⟨
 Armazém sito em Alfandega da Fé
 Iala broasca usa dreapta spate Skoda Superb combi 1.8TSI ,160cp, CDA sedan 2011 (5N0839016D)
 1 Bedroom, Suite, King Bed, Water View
⟩
⟨
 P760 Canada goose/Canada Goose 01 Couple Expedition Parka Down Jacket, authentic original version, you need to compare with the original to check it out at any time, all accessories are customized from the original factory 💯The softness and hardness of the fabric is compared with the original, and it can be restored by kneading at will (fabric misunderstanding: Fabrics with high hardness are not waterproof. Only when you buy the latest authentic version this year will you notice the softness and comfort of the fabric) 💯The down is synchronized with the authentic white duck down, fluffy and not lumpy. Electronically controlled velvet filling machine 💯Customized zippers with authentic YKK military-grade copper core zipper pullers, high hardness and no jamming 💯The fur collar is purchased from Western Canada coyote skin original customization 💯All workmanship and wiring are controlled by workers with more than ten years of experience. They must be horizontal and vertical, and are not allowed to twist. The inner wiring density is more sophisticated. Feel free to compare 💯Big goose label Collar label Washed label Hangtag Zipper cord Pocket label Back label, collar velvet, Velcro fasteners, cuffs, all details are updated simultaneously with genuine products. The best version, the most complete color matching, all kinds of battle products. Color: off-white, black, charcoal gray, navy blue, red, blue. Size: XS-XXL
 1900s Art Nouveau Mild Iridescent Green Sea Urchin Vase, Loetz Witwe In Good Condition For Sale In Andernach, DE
⟩
⟨
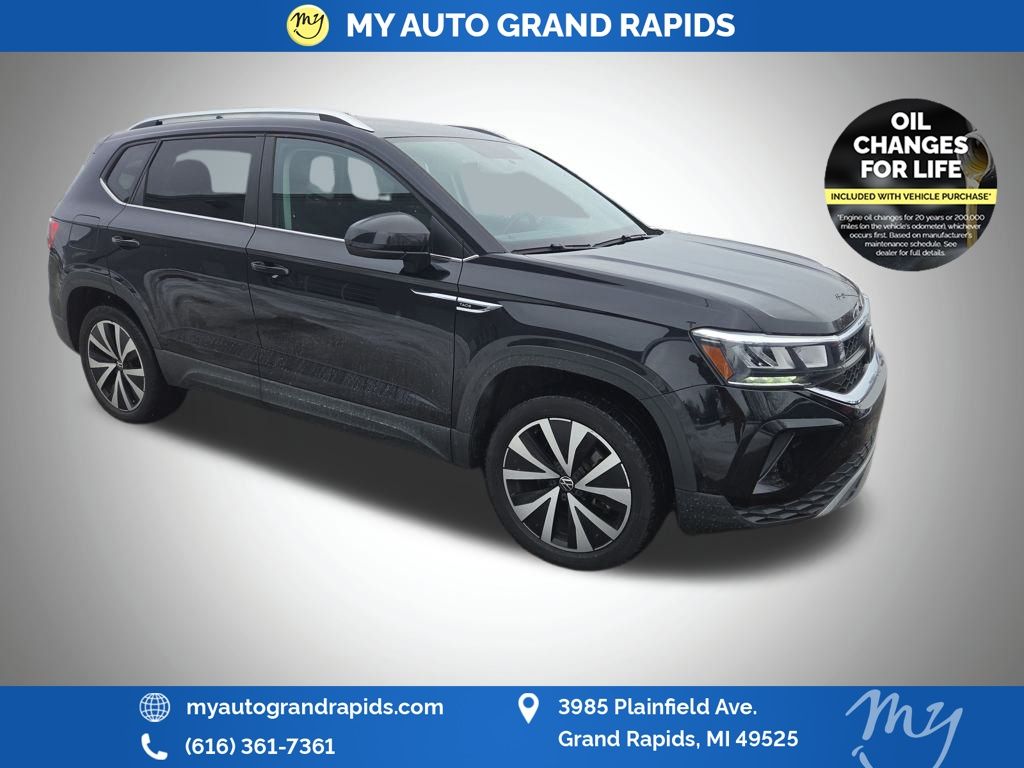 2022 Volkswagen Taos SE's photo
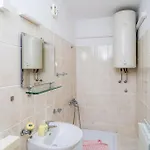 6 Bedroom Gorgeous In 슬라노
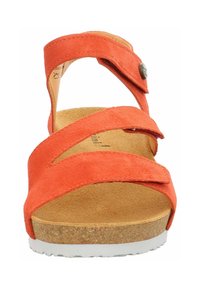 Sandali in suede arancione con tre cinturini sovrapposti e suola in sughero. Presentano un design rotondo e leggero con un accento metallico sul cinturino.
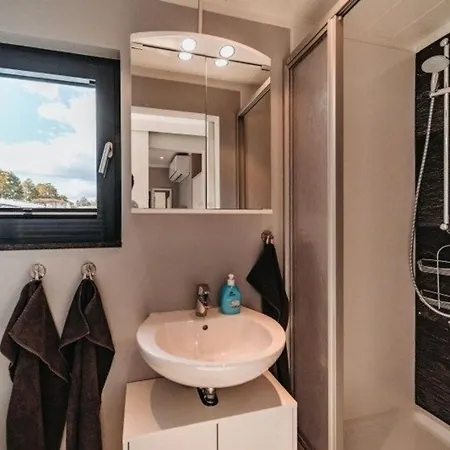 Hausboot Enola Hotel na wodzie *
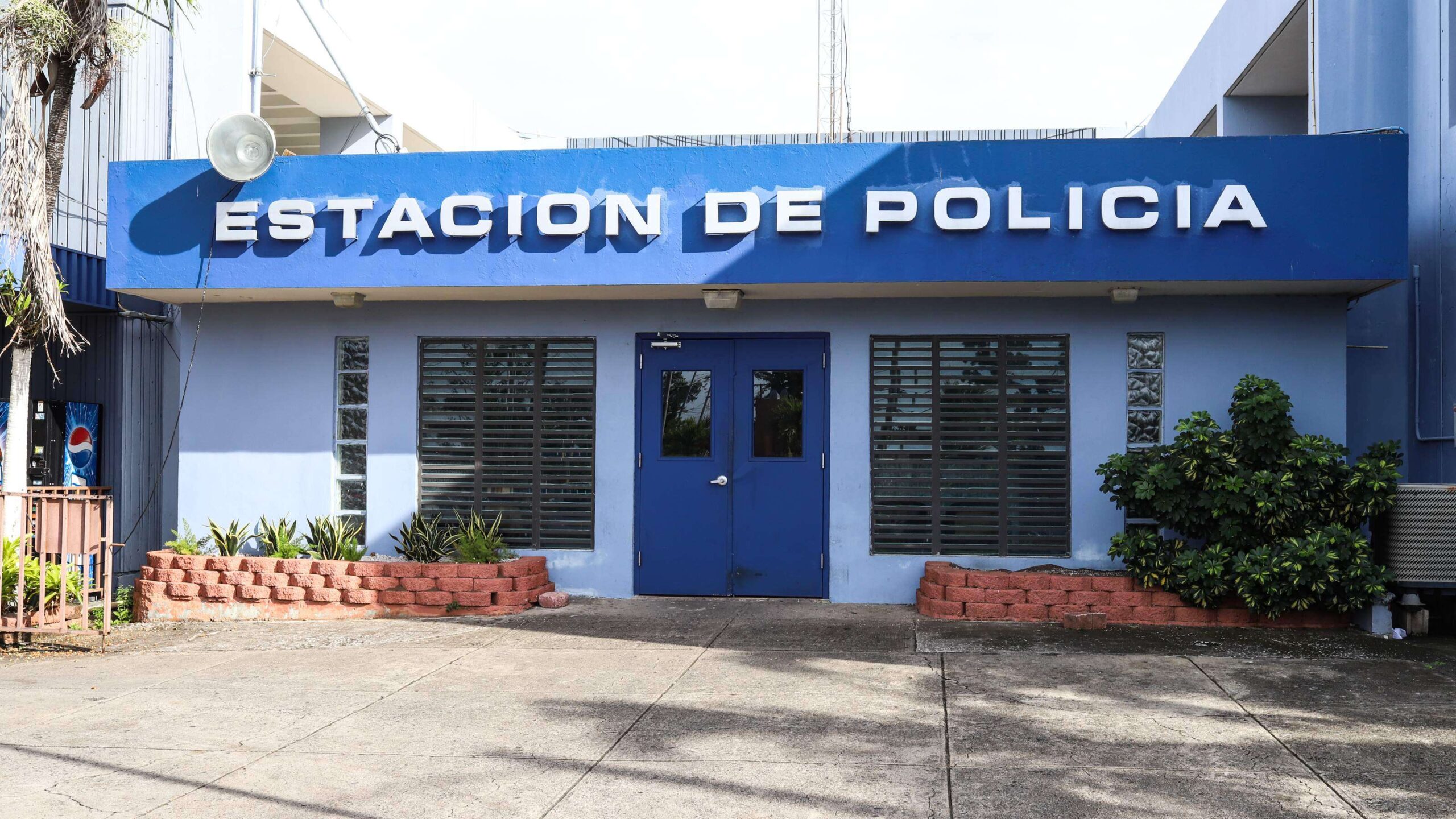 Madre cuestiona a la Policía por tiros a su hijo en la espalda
⟩
▸ **Prompt**: Your answer must be everything above from the line with "Sandali in suede" down to the line with "Hausboot Enola Hotel na wodzie *", word for word, and no pictures.

▸ **Response to this task**:
 Sandali in suede arancione con tre cinturini sovrapposti e suola in sughero. Presentano un design rotondo e leggero con un accento metallico sul cinturino.
 Hausboot Enola Hotel na wodzie *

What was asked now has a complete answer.